◆ **GIVEN ENTRIES**:
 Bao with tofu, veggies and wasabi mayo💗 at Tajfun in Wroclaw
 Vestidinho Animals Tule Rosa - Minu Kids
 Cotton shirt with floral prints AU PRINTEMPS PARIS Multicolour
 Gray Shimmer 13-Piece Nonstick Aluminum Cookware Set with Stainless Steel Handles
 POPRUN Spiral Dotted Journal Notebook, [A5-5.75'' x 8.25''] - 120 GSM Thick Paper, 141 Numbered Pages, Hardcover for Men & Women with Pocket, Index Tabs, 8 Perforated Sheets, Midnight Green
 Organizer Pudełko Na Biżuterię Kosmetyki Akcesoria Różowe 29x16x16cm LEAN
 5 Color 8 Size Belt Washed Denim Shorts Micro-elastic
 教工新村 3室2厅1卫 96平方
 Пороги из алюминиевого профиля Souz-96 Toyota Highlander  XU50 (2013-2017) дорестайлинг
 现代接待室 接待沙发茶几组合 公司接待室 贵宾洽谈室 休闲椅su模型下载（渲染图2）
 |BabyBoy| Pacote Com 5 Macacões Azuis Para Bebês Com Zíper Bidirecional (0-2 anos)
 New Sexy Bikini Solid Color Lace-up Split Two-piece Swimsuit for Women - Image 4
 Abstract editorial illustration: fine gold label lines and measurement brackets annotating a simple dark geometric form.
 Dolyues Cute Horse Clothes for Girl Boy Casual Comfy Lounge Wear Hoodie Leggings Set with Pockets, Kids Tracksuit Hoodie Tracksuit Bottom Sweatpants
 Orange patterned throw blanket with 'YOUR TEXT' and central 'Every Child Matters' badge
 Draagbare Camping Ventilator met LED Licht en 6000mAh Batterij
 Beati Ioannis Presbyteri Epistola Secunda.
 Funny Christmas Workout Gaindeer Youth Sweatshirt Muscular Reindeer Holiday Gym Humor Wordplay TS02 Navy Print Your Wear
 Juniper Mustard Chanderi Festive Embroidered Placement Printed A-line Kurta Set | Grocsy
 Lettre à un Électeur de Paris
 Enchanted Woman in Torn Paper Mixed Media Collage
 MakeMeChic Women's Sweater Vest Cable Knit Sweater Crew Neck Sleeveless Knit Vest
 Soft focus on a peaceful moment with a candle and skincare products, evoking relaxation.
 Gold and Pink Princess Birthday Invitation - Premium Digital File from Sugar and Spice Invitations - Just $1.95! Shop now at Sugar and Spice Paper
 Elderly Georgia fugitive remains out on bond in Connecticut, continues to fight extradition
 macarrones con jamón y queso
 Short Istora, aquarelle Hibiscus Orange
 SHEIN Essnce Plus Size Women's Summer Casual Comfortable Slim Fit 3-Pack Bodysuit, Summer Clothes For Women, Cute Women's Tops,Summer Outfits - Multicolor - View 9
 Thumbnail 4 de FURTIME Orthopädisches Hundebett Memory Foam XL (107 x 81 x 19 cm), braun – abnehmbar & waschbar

◆ **TASK INSTRUCTIONS**:
From the listing above, return every line that carries the string "Paper".

◆ **EXERCISE SOLUTION**:
 POPRUN Spiral Dotted Journal Notebook, [A5-5.75'' x 8.25''] - 120 GSM Thick Paper, 141 Numbered Pages, Hardcover for Men & Women with Pocket, Index Tabs, 8 Perforated Sheets, Midnight Green
 Enchanted Woman in Torn Paper Mixed Media Collage
 Gold and Pink Princess Birthday Invitation - Premium Digital File from Sugar and Spice Invitations - Just $1.95! Shop now at Sugar and Spice Paper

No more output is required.